Pero bendita locura la del portero. Higuita, con su escorpión en Wembley, la capital europea del fútbol; Jorge Campos, con sus camisetas horteroides y su alma de delantero centro; el desquiciamiento habitual de Chilavert, ese entrañable gordo que lanzaba las faltas como el mejor Maradona; o el máximo goleador, Rogerio Ceni, que demostró que los brasileños son especiales en el fútbol hasta cuando son porteros. Y eso que Brasil es el país en el que menos importancia han tenido ellos en la historia del fútbol. Sólo uno es recordado generación tras generación, y para eso, se le recuerda con odio. Se llamaba Barbosa y fue el triste protagonista del Maracanazo, una "tragedia" clásica que se vivió en Brasil, en 1950, en su Mundial, cuando todo estaba a su favor. Brasil perdió la final de ese Mundial en un Maracaná repleto hasta la bandera. De nada vale que los goles sean de Schiaffino y Gigghia, porque el mundo del fútbol recuerda a Barbosa, que fallecía en el año 2000 con la sombra del recuerdo nefasto del 50 y la indiferencia y odio de todo un país que vive por y para el fútbol.

Genio y figura, el portero. La imagen de la soledad. En los deportes de equipo, él es la imagen marginada, en una punta del campo, expectante de que, de sopetón, le llegue un balón. Si la caga, la caga; si la para... es lo que tenía que hacer. El solitario, el guardián de la puerta, el Can Cerbero, que protege la puerta del infierno... el puesto más poético del fútbol, seguro. Y a veces se le va la cabeza y se dedica a tratar de marcar goles, en lugar de pararlos; así lo escribí en El País Digital (vale, es que no me apetece repetir lo que ya escribí; por cierto, el titular no era ese, sino "Porteros contra natura", pero me lo cambiaron... cabritos).

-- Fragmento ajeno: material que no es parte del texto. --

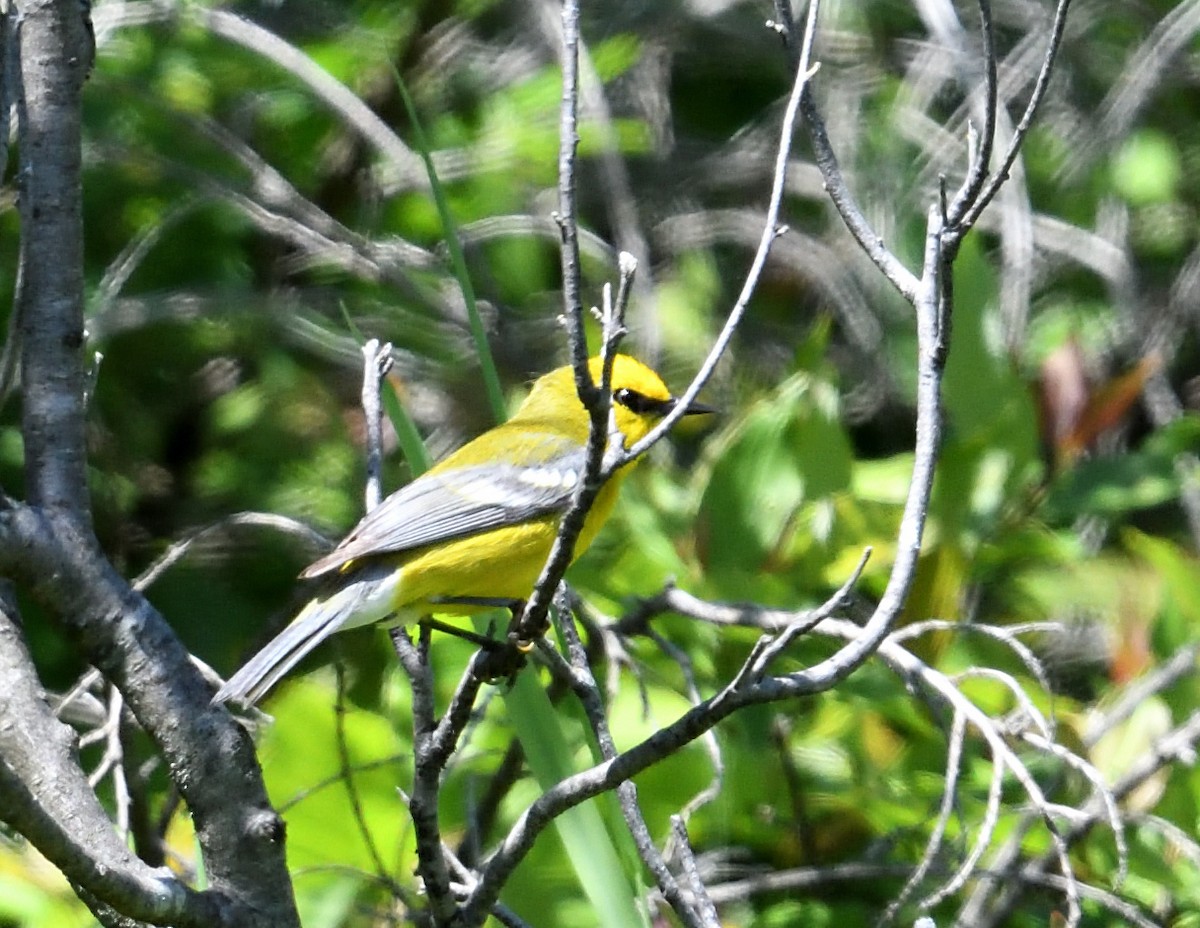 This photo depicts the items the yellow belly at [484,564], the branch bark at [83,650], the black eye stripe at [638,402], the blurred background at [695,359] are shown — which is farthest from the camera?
the black eye stripe at [638,402]

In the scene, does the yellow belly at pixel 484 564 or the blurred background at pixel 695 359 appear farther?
the blurred background at pixel 695 359

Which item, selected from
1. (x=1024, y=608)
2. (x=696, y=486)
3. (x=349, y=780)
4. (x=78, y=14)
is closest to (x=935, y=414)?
(x=78, y=14)

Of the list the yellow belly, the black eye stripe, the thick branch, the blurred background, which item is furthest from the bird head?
the thick branch

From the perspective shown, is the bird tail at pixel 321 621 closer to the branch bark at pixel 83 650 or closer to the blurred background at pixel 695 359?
the blurred background at pixel 695 359

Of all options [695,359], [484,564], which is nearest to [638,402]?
[484,564]

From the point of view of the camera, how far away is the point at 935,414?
1.49 m

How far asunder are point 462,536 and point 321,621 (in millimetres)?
337

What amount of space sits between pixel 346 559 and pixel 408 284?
1.06 meters

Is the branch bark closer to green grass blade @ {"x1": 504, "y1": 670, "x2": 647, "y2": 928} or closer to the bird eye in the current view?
green grass blade @ {"x1": 504, "y1": 670, "x2": 647, "y2": 928}

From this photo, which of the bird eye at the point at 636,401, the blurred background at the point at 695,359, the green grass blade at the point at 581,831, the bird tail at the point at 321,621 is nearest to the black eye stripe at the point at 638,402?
the bird eye at the point at 636,401

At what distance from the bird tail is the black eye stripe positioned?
668mm

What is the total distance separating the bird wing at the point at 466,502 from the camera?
243 centimetres

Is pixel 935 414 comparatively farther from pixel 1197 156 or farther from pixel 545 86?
pixel 1197 156

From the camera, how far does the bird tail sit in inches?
83.7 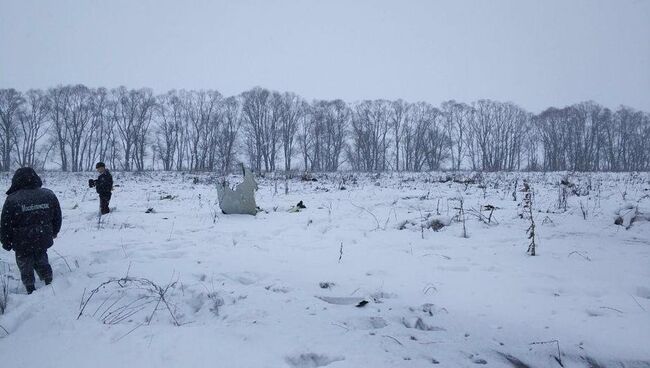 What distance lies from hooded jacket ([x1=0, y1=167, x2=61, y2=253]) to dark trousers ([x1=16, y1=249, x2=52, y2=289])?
0.19 feet

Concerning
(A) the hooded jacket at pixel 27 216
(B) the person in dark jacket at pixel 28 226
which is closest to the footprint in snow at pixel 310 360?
(B) the person in dark jacket at pixel 28 226

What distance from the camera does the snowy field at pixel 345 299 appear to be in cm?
250

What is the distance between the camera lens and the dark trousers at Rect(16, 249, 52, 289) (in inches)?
157

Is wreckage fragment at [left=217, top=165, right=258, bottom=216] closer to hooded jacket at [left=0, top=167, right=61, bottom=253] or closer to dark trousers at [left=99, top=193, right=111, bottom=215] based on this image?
dark trousers at [left=99, top=193, right=111, bottom=215]

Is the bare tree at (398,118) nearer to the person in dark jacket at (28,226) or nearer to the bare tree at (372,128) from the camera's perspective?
the bare tree at (372,128)

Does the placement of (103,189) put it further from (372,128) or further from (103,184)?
(372,128)

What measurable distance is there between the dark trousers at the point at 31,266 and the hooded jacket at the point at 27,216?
6cm

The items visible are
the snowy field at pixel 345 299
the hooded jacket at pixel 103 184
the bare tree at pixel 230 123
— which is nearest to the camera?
the snowy field at pixel 345 299

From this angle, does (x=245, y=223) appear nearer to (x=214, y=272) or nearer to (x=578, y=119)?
(x=214, y=272)

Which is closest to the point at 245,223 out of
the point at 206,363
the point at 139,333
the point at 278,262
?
the point at 278,262

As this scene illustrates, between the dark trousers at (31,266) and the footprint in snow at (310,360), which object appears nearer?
the footprint in snow at (310,360)

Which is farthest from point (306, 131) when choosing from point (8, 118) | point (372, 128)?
point (8, 118)

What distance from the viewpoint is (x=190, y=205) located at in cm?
1005


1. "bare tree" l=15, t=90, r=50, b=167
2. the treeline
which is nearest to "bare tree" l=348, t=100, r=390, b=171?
the treeline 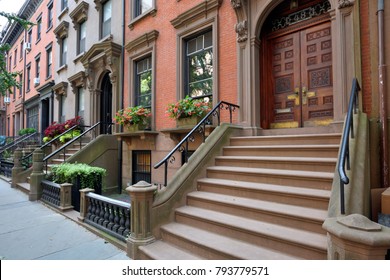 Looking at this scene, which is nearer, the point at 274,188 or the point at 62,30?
the point at 274,188

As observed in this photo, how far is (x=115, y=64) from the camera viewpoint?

Ayer, Casillas nos recordó lo importante que puede ser. Paró un penalti, salvó el empate casi al final. El mismo que ha demostrado, también, que el portero puede ser como el quarterback y quedarse con la tía buena, ayer se erigió en el símbolo de una selección que hizo historia. Repetida hasta la saciedad es la imagen del portero vestido de negro alzando la Eurocopa; esperemos que esa misma imagen se repita dentro de unos días, pero ahora levantando la copa dorada de campeones del mundo.

Y si lo hace, será el portero el protagonista, esa figura especial del fútbol.